In the light of this provision, we have carefully seen the material placed on record. It may be true that the presentation may carry the name of the appellant-company. That by itself would not amount to an advertisement as sought to be made out in the case on hand. Advertising a product involves an intention and also it involves several factors including the person to whom it is presented, how it is presented and when it is presented. For instance, if a company manufactures a particular consumable article, if it starts presenting the same with its emblem and name in a large gathering to a large people, then it may amount to an advertisement in a real sense. Presentation of an article with the name of the company to a dignitary or a VIP would not by itself amount to an advertisement as held by the authority. Unless sufficient accepted materials are forthcoming with regard to the details of advertising nature, a gift made to a dignitary or a VIP cannot be categorised as advertisement as sought to be held by the authority. Moreover, in the case on hand, the appellant is a large company spending lakhs of rupees for advertising expenses. The sum involved is hardly Rs. 1,60,000 and that amount is claimed to be an expense towards gift. Such gift expenses cannot be termed as advertising expenses by the authority in the given circumstances.
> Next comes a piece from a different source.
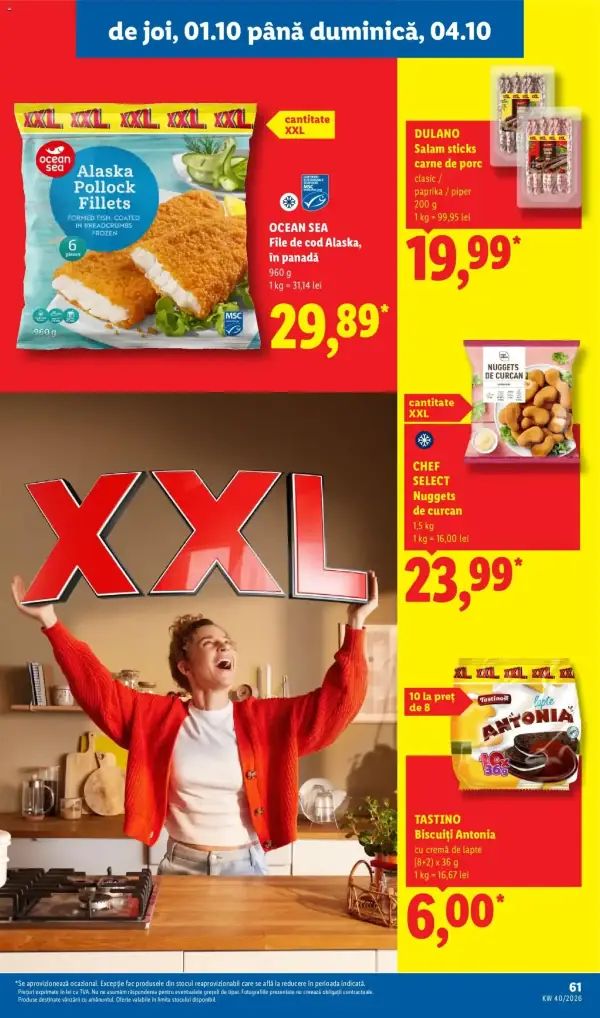 Pagina 61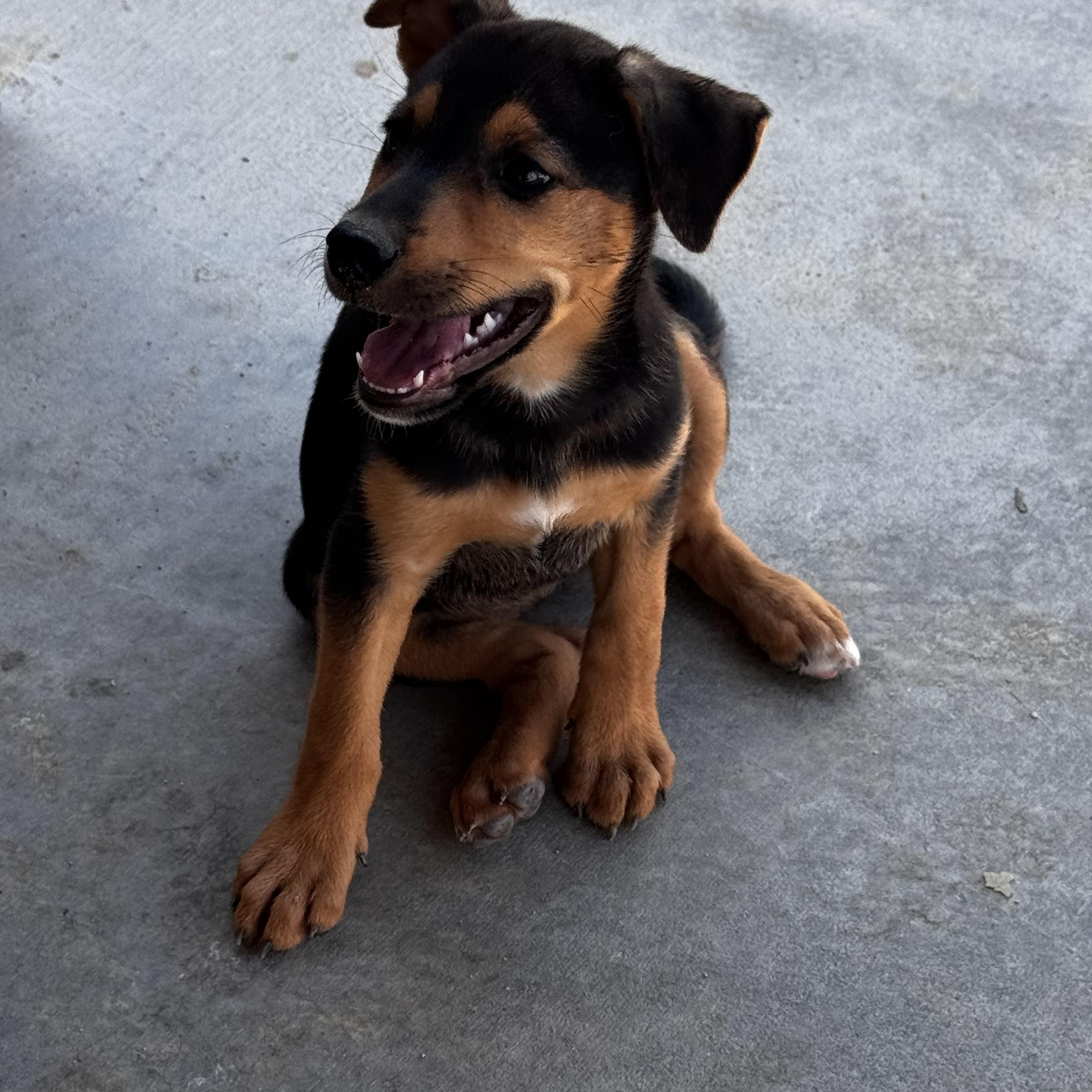 Ladybug, an adopted mixed breed in Van Nuys, CA image 6/6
As a matter of fact, at the time of arguments, Sri Dastur, learned counsel places before us the details of complimentary articles. A reading of the details would show that leather articles, nylon bags, umbrellas, glass jugs, etc., were provided as gift articles to the dignitaries. A mere name in the articles does not by itself convert the said gift articles as having any advertisement value in terms of the law governing tax in such matters.

On the facts of this case and in the given circumstances, we are of the view that the authorities are not correct in disallowing this claim. In these circumstances we deem it proper to answer this question in favour of the assessee. No costs.